(Items listed in a dataset)
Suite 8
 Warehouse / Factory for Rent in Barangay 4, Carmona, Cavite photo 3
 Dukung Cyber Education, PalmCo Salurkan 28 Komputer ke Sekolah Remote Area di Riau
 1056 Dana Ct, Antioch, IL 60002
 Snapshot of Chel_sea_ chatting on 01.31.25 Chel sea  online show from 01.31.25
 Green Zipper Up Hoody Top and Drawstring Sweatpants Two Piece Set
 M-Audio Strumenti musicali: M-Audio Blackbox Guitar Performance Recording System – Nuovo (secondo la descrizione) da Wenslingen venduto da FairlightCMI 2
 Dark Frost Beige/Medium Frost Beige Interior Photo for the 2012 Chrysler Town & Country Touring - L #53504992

◆ WORK ITEM
Type out the entries exactly as they appear above.

◆ SOLUTION BELOW
Suite 8
 Warehouse / Factory for Rent in Barangay 4, Carmona, Cavite photo 3
 Dukung Cyber Education, PalmCo Salurkan 28 Komputer ke Sekolah Remote Area di Riau
 1056 Dana Ct, Antioch, IL 60002
 Snapshot of Chel_sea_ chatting on 01.31.25 Chel sea  online show from 01.31.25
 Green Zipper Up Hoody Top and Drawstring Sweatpants Two Piece Set
 M-Audio Strumenti musicali: M-Audio Blackbox Guitar Performance Recording System – Nuovo (secondo la descrizione) da Wenslingen venduto da FairlightCMI 2
 Dark Frost Beige/Medium Frost Beige Interior Photo for the 2012 Chrysler Town & Country Touring - L #53504992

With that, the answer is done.